» DATA EXTRACTS:
···
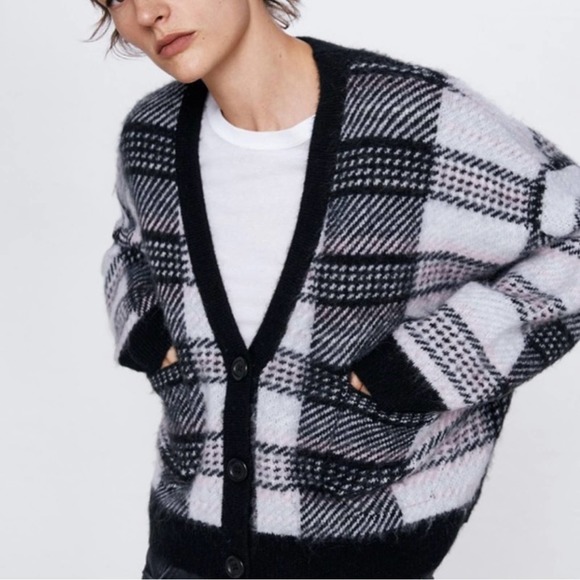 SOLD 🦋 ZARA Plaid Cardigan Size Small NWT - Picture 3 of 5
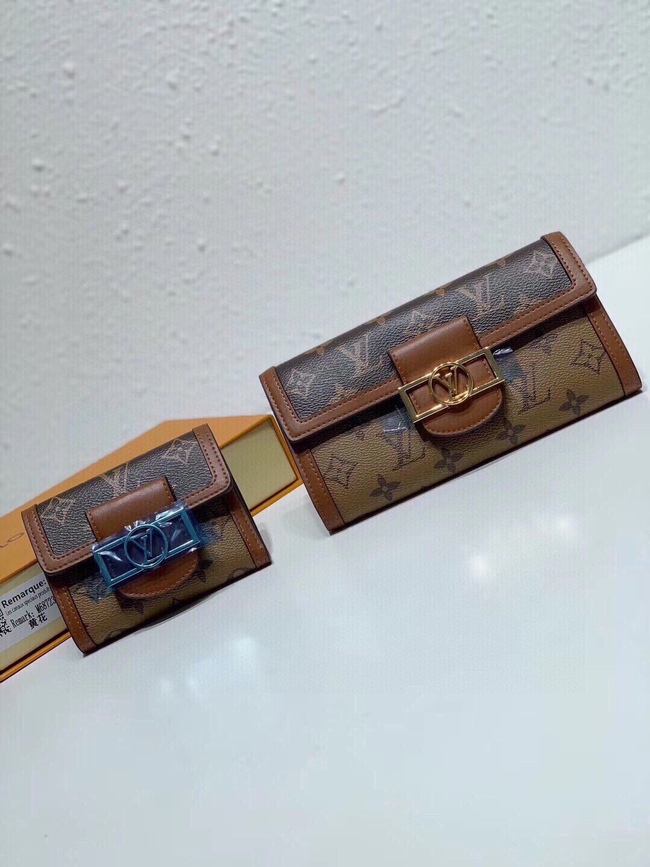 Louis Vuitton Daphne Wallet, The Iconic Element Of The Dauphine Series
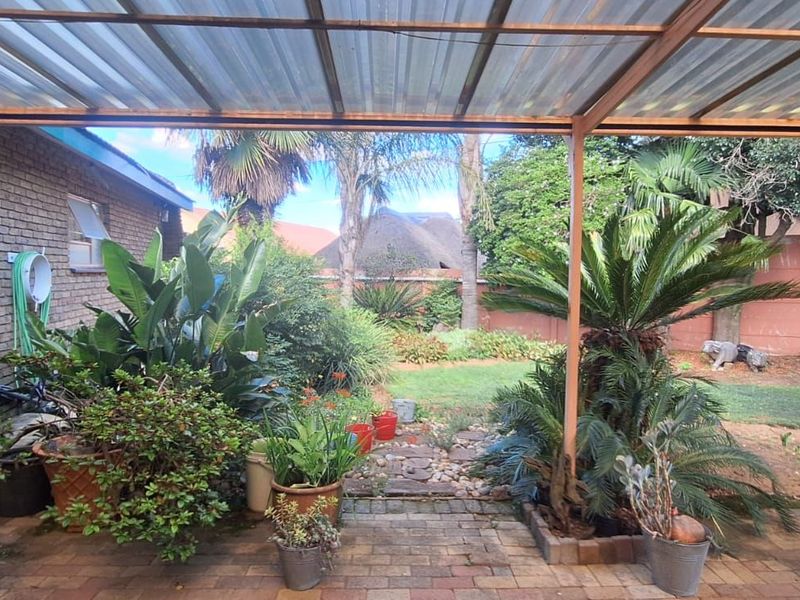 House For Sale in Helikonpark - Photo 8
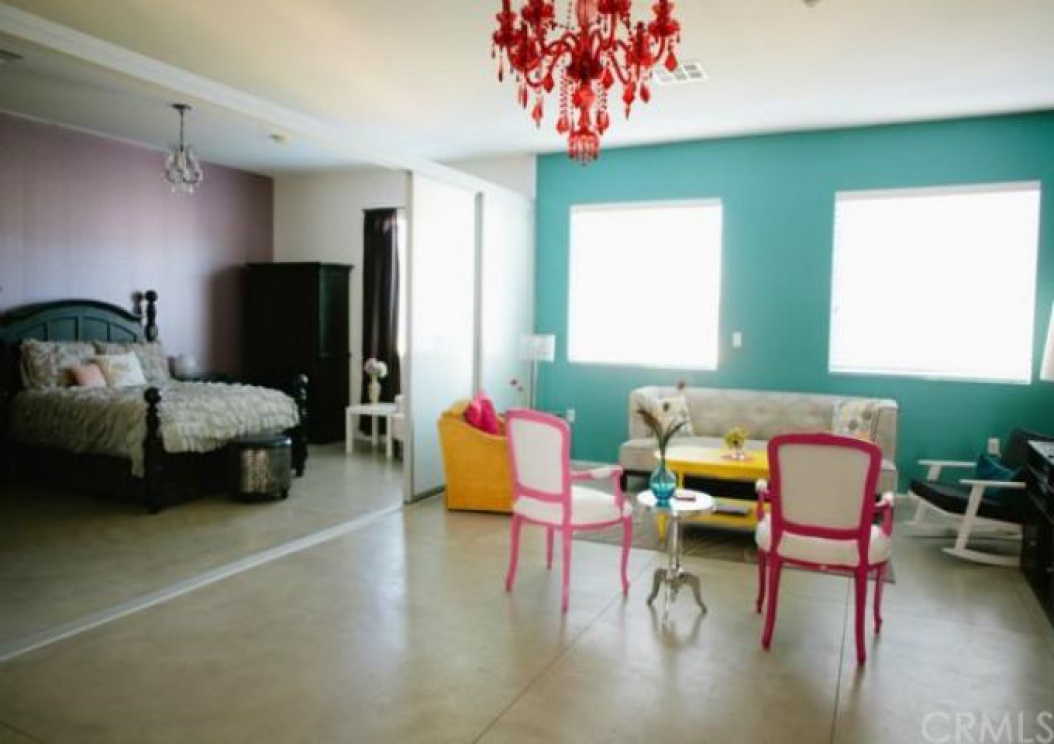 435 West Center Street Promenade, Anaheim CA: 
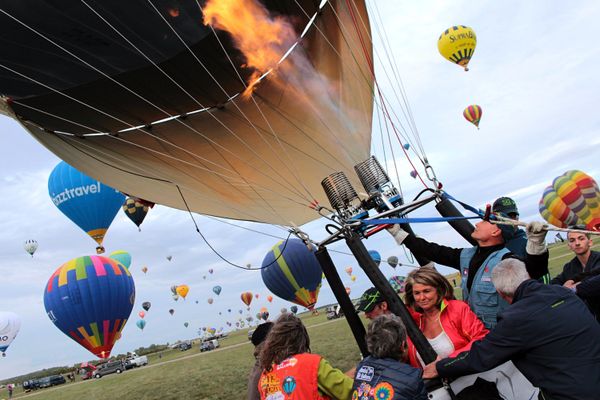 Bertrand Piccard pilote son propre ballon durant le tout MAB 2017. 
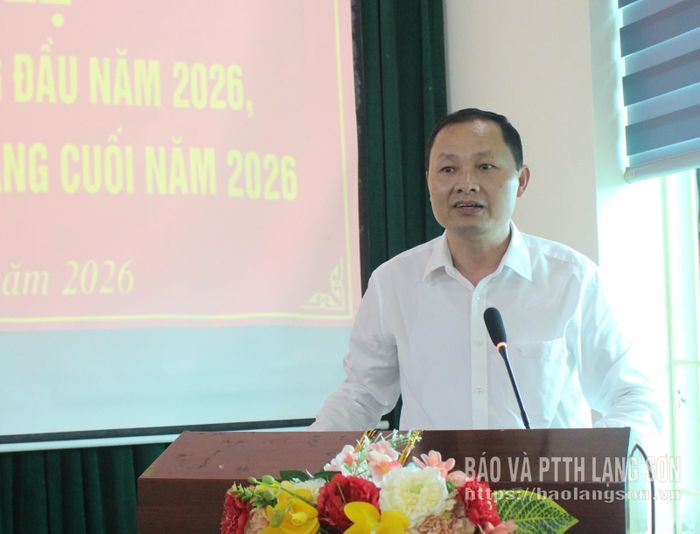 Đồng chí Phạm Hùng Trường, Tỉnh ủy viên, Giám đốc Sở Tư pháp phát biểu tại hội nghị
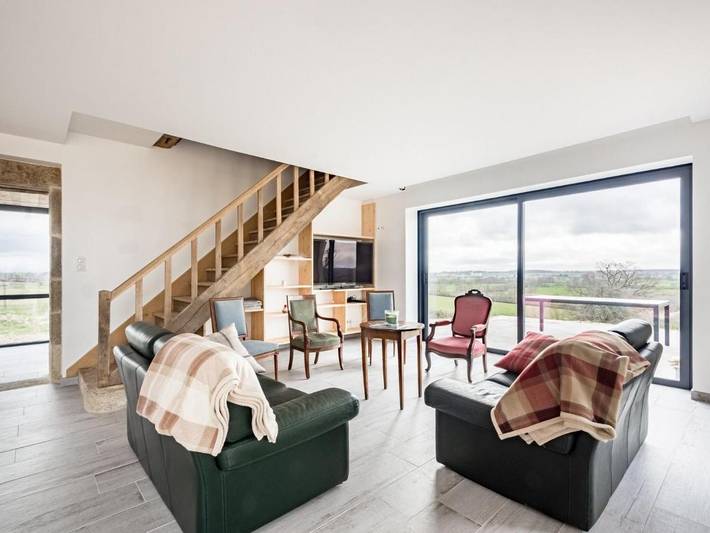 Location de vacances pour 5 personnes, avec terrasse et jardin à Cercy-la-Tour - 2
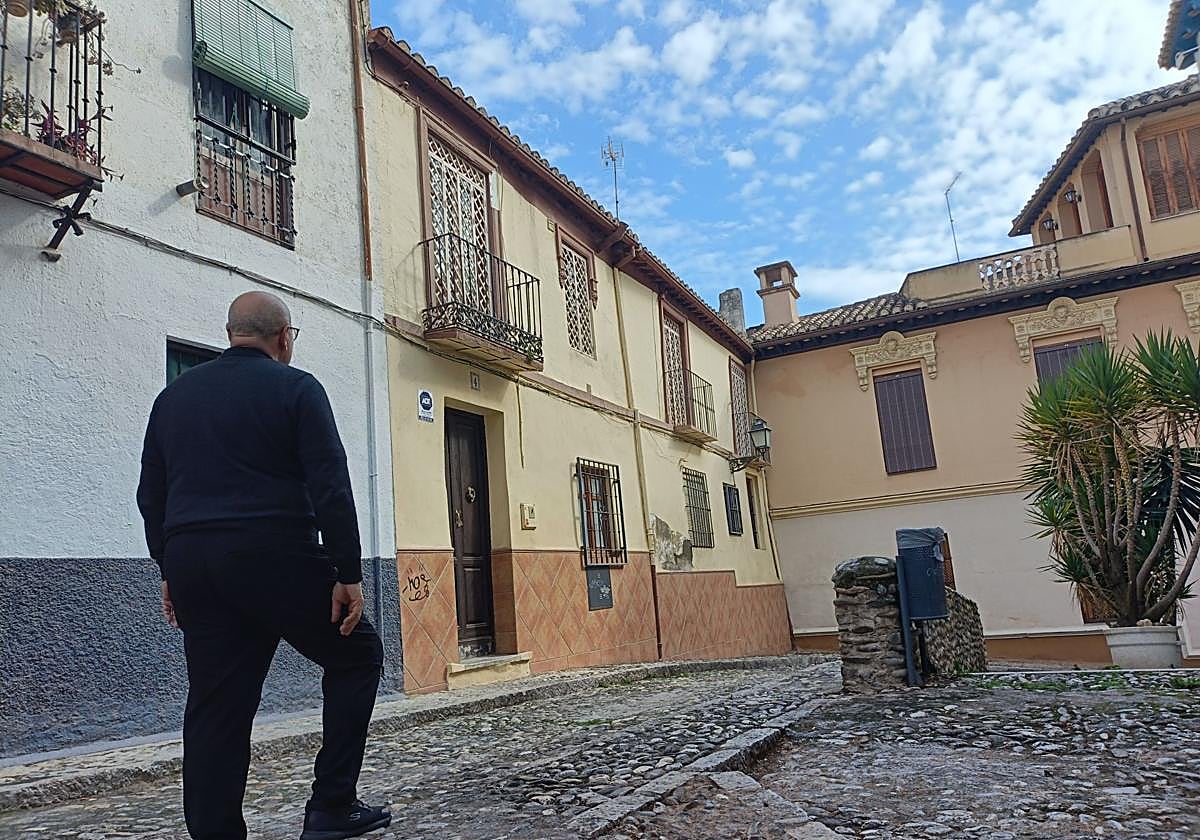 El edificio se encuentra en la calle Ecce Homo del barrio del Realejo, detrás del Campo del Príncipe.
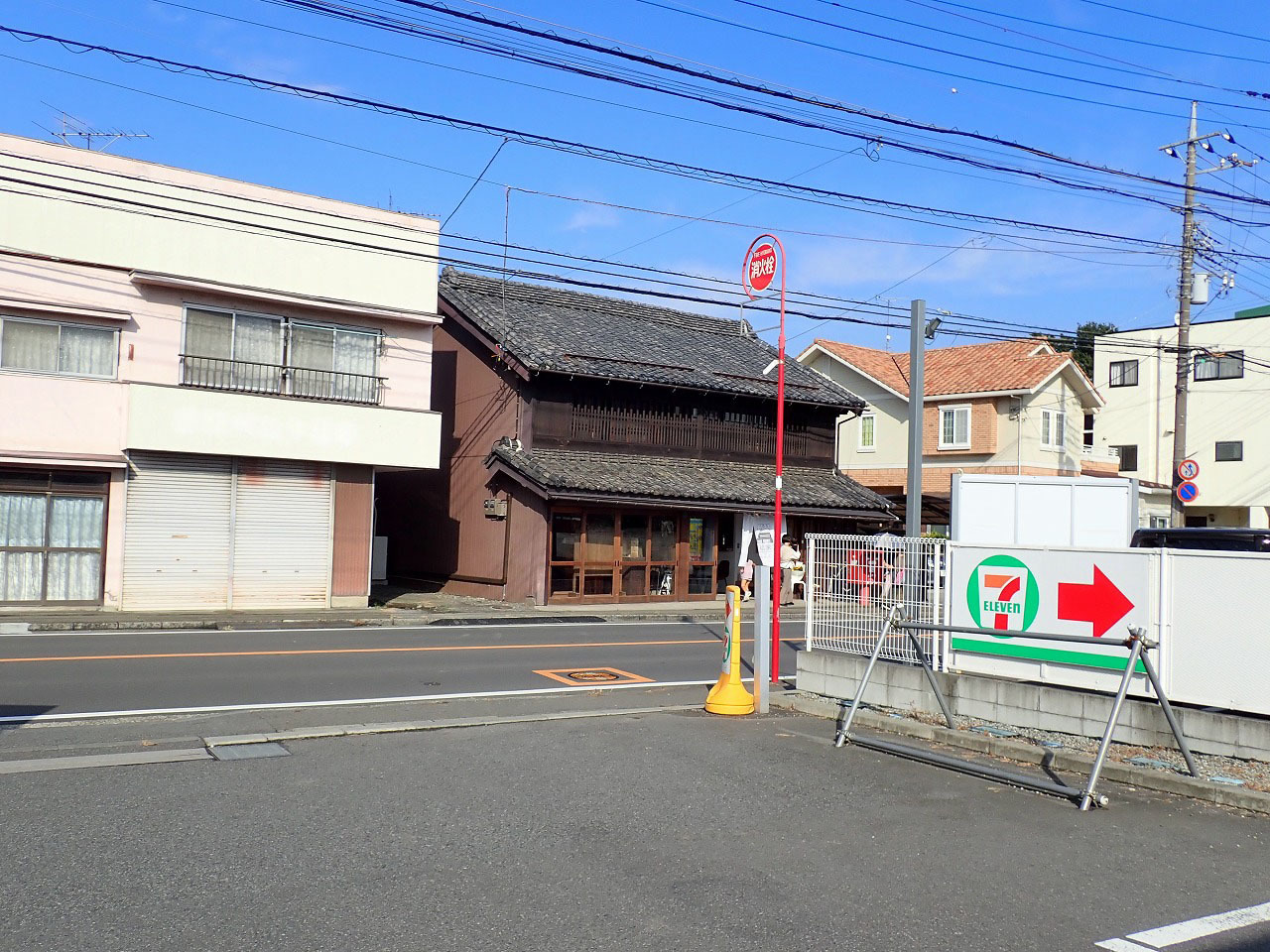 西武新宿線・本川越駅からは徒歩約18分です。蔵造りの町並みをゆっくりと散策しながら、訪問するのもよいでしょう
···
» PROBLEM DESCRIPTION: Print the listing exactly. No pictures belong in the copy.

» RESPONSE BELOW:
 SOLD 🦋 ZARA Plaid Cardigan Size Small NWT - Picture 3 of 5
 Louis Vuitton Daphne Wallet, The Iconic Element Of The Dauphine Series
 House For Sale in Helikonpark - Photo 8
 435 West Center Street Promenade, Anaheim CA: 
 Bertrand Piccard pilote son propre ballon durant le tout MAB 2017. 
 Đồng chí Phạm Hùng Trường, Tỉnh ủy viên, Giám đốc Sở Tư pháp phát biểu tại hội nghị
 Location de vacances pour 5 personnes, avec terrasse et jardin à Cercy-la-Tour - 2
 El edificio se encuentra en la calle Ecce Homo del barrio del Realejo, detrás del Campo del Príncipe.
 西武新宿線・本川越駅からは徒歩約18分です。蔵造りの町並みをゆっくりと散策しながら、訪問するのもよいでしょう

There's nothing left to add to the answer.